We are living in a world that is only 8.6% circular and the trend is going down, not up...
Even if all 194 countries that pledged climate action as part of the Paris Agreement fulfil their emissions-cutting promises, the rise in temperatures is still forecast to hit 3.2-degrees this century.
To get to our end goal of a socially just and ecologically safe space, we need intelligent resource management to stem consumption and cut emissions, so that our impact falls within planetary boundaries.
We are already past the point of minor amends. Course-correction will require a major, transformational gear-change in systemic thinking.
This big shift is the circular economy.
On 26 January 2021 during the World Economic Forum’s virtual Davos Agenda Week Circle Economy will launch its annual Circularity Gap Report.
During the live session, we will present the facts on greenhouse gas emissions related to material extraction and present solutions for a linear world that consumes over 100 billion tonnes of materials and has warmed by 1-degree.
Met in dit programma onder anderen
David Takayoshi Suzuki
Canadian academic and co-founder of the David Suzuki Foundation, science broadcaster and environmental activist
Gabriel Quijandria Acosta
Minister of Environment, government of Peru
Martin Frick
Deputy to the Special Envoy for the UN Food Systems Summit 2021
Anthony Nyong
Professor, Director for Climate Change and Green Growth, African Development Bank
Marc de Wit
Director Strategic Alliances, Circle Economy
Martijn Lopes Cardozo
CEO at Circle Economy
About the speakers
David Suzuki
Award-winning geneticist and broadcaster David Suzuki co-founded the David Suzuki Foundation in 1990. In 1975, he helped launch and host the long-running CBC Radio’s, Quirks and Quarks. In 1979, he became familiar to audiences around the world as host of CBC TV’s The Nature of Things, which still airs new episodes.

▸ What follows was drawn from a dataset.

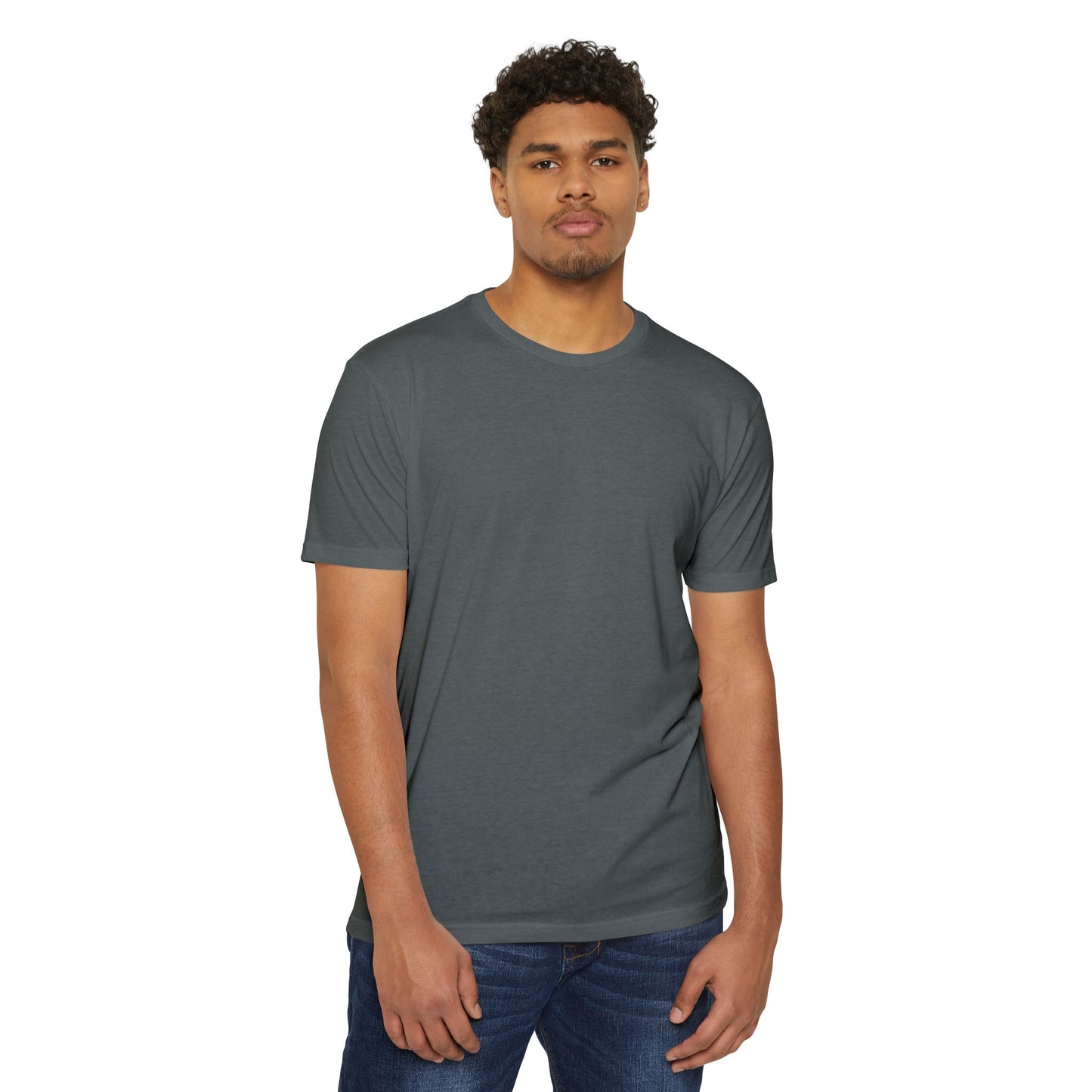 Donald Pump’s Flex-Ecutive Order Pump Tee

From 1969 to 2001, he was a faculty member at the University of British Columbia, and is currently professor emeritus. He is widely recognized as a world leader in sustainable ecology and has received numerous awards for his work, including a UNESCO prize for science and a United Nations Environment Program medal. He is also a Companion of the Order of Canada.
He has 29 honorary degrees from universities in Canada, the US and Australia. For his support of Canada’s Indigenous peoples, Suzuki has been honoured with eight names and formal adoption by two First Nations.

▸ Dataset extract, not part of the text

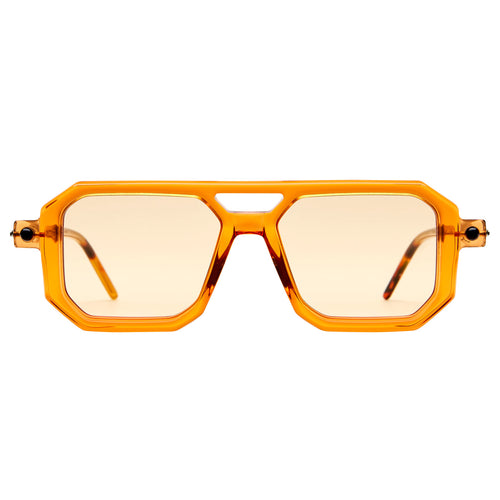 KUBORAUM P8 SUN MASKE BYB 53 SUNGLASSES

In 2010, the National Film Board of Canada and Legacy Lecture Productions produced Force of Nature: The David Suzuki Movie, which won a People’s Choice documentary award at the 2010 Toronto International Film Festival. The film weaves together scenes from the places and events that shaped Suzuki’s life and career with a filming of his “Last Lecture”, which he describes as “a distillation of my life and thoughts, my legacy, what I want to say before I die.”